• **What you need to do**
Transcribe all of the data verbatim, please, and leave out its pictures.
╭─ Data for processing
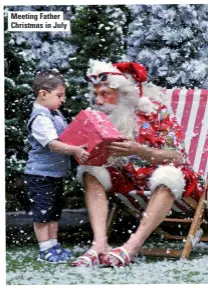  ??  ?? meeting father christmas in July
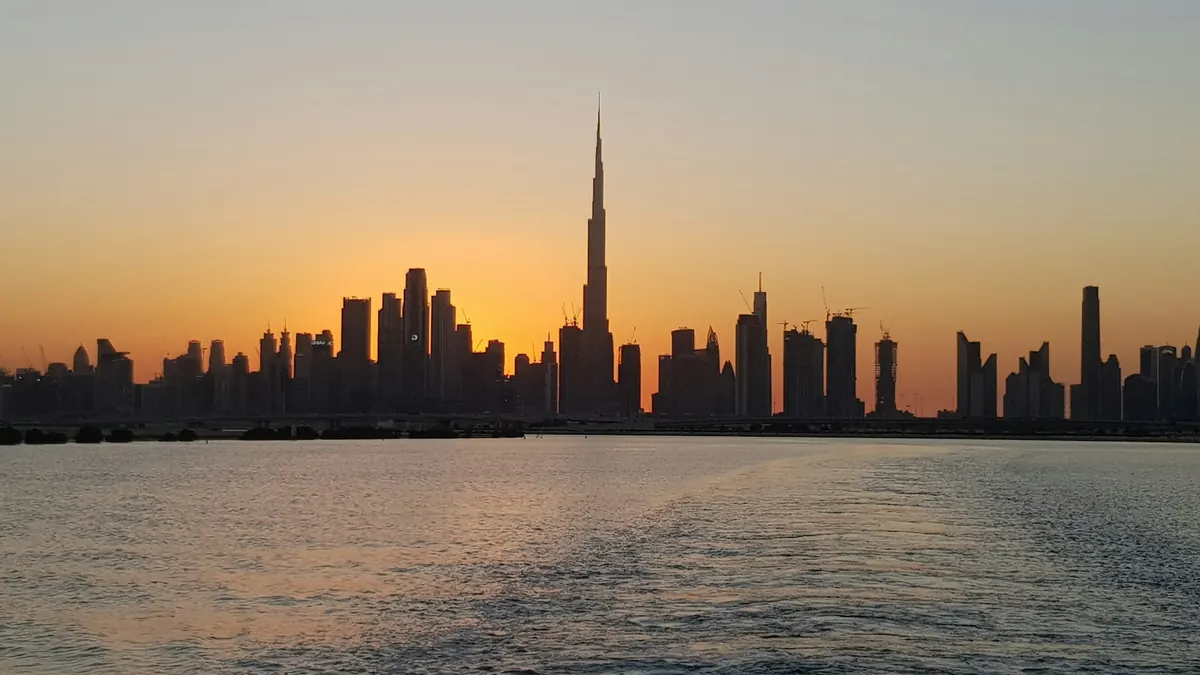The Dubai skyline at sunset across calm water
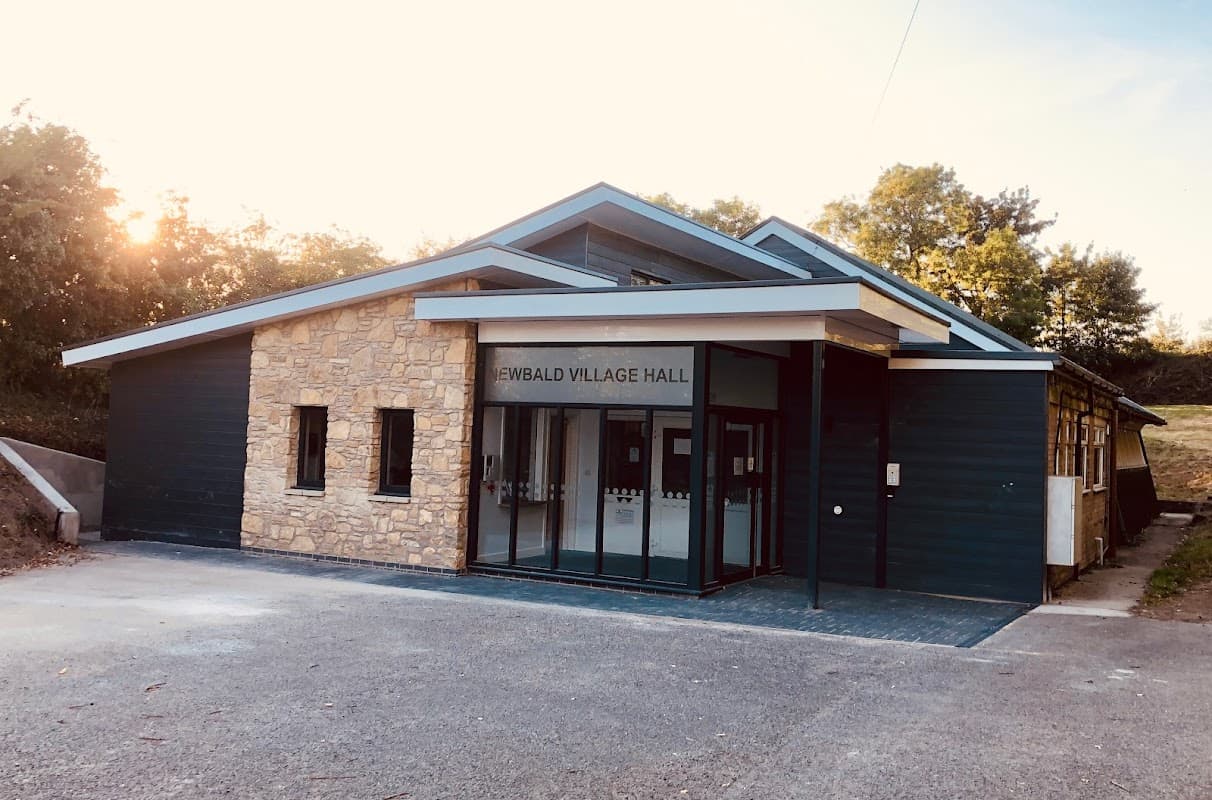 Modern village hall with stone and wooden exterior, large glass entrance, surrounded by greenery and trees.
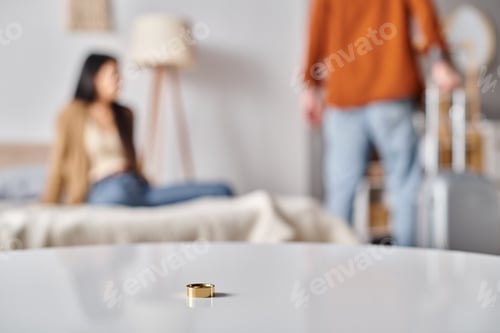 Preview: selective focus of wedding ring on table near interracial couple quarreling in bedroom, divorce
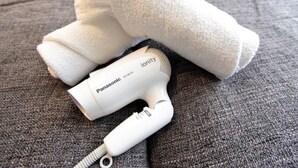 Un sèche-cheveux ionique Panasonic posé sur une surface grise texturée.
╰─
• **Response to the exercise**
  ??  ?? meeting father christmas in July
The Dubai skyline at sunset across calm water
 Modern village hall with stone and wooden exterior, large glass entrance, surrounded by greenery and trees.
 Preview: selective focus of wedding ring on table near interracial couple quarreling in bedroom, divorce
 Un sèche-cheveux ionique Panasonic posé sur une surface grise texturée.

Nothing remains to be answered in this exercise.